Electro-Hydro-Dynamic-Force-Driven Filling Method for Through Polymer Substrates Via With Ag-Based Conductive Epoxy

Through polymer substrates via (TPSV) plays an important role in system integration for not only silicon-based devices but also emerging flexible electronics implemented with polymer substrates. Conventional electroplating approach for filling TPSVs encounters high cost and environmental issues such as complex preprocessing, long deposition time, heavy metal ions, and pollutant side-products from the electrolytes. To tackle these challenges, this work presents an electro-hydro-dynamic-force (EHDF) driven filling method for TPSVs with conductive polymers.

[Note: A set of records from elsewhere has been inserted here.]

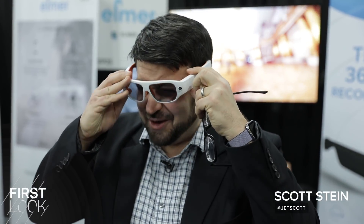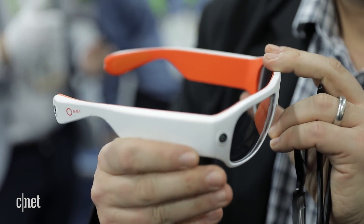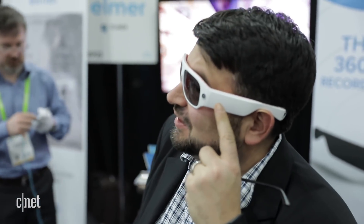To record everything you're seeing all around you while wearing a funky pair of glasses — that is Orbi Prime. This has four cameras, two in the front and two in the back, and when you press a button here it actually starts recording, and it'll let you know with a little LED.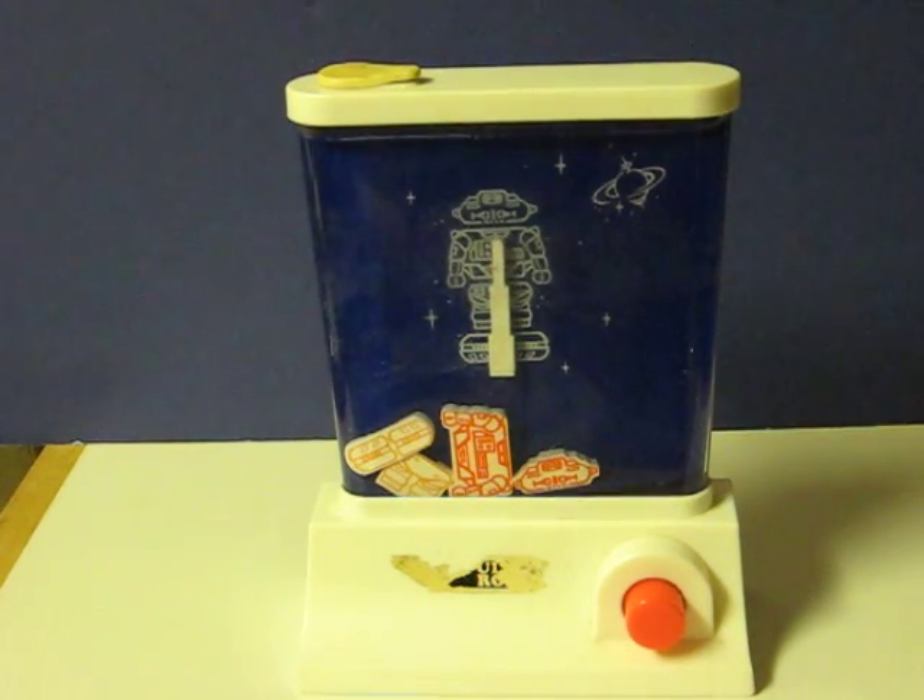This is a Tomy Wonderful Waterfalls robot game from 1976 that's going up for sale. I think this is one of their more obscure and slightly rarer pieces in their Waterfalls line.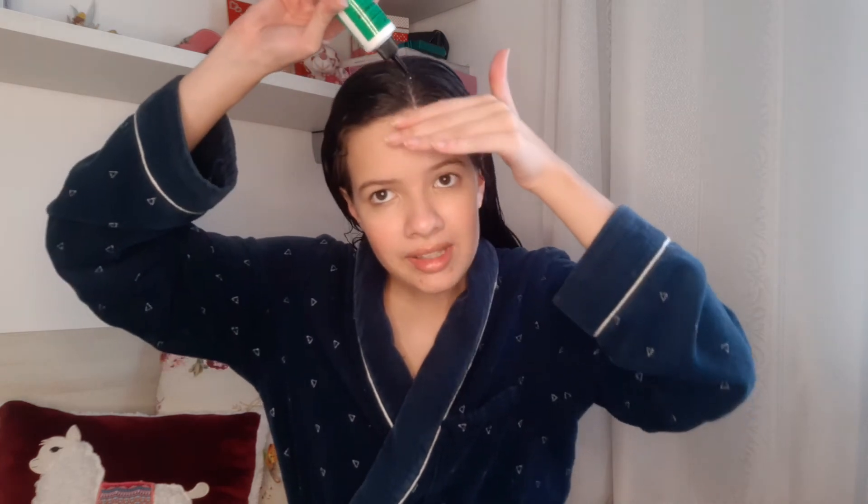E agora eu vou com um tônico fortalecedor anti-queda da Sunline, que eu também gosto pra fortalecer o cabelo. É só passar assim na raiz, fazendo uma massagem. Eu gosto sempre de passar quando eu tomo um banho, porque o cabelo já tá molhado — ele é tipo uma aguinha. Não deixa oleoso também o cabelo. Então eu gosto bastante dele.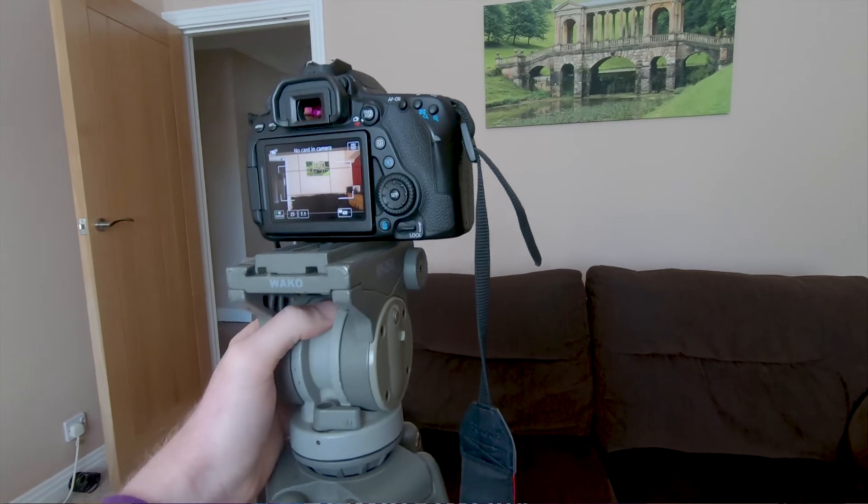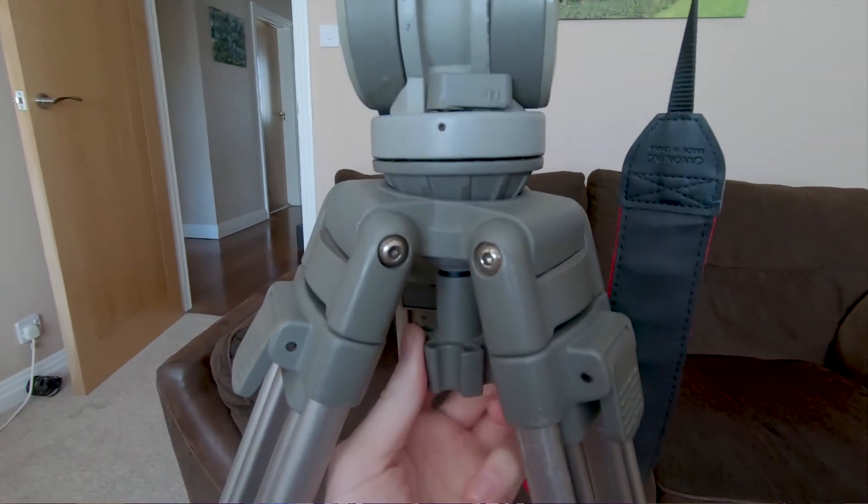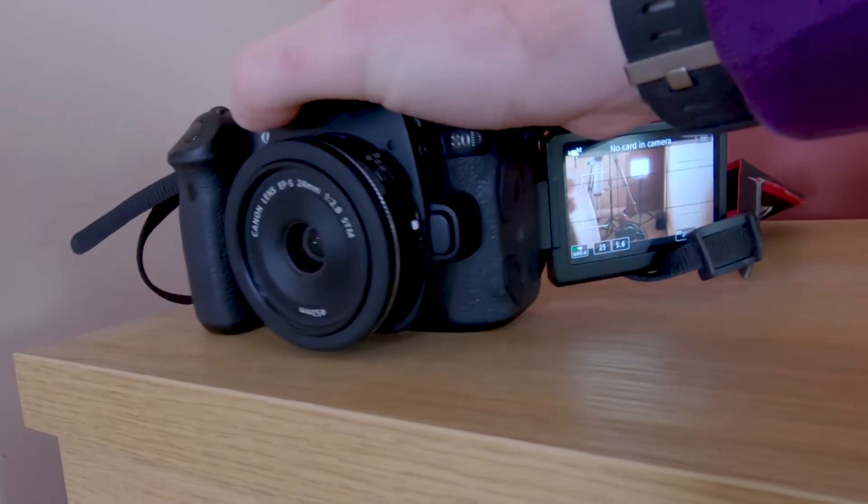So this week I thought I'd try and clone myself. Firstly, you're going to need a tripod, one that you can lock off and keep secure, or any surface you know that will not move an inch.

A customized bench-top setup is implemented to demonstrate the feasibility of the filling method. The proposed EHDF-driven filling technique can fill TPSVs of various aspect ratios (ARs) completely within 1 min, utilizing electrostatic fields. We established an empirical model for the correlation of the driving voltage and filling depth for various substrate thicknesses and TPSVs ARs. The experimental results show that the resistance of filled TPSVs is proportional to their AR. The lowest resistance is about $1~\Omega $ for the TPSV with an AR of 1. The conductive property of EHDF-filled TPSVs is only limited by the intrinsic resistivity of the filler material, therefore, demonstrating promising application potentials in emerging devices integration.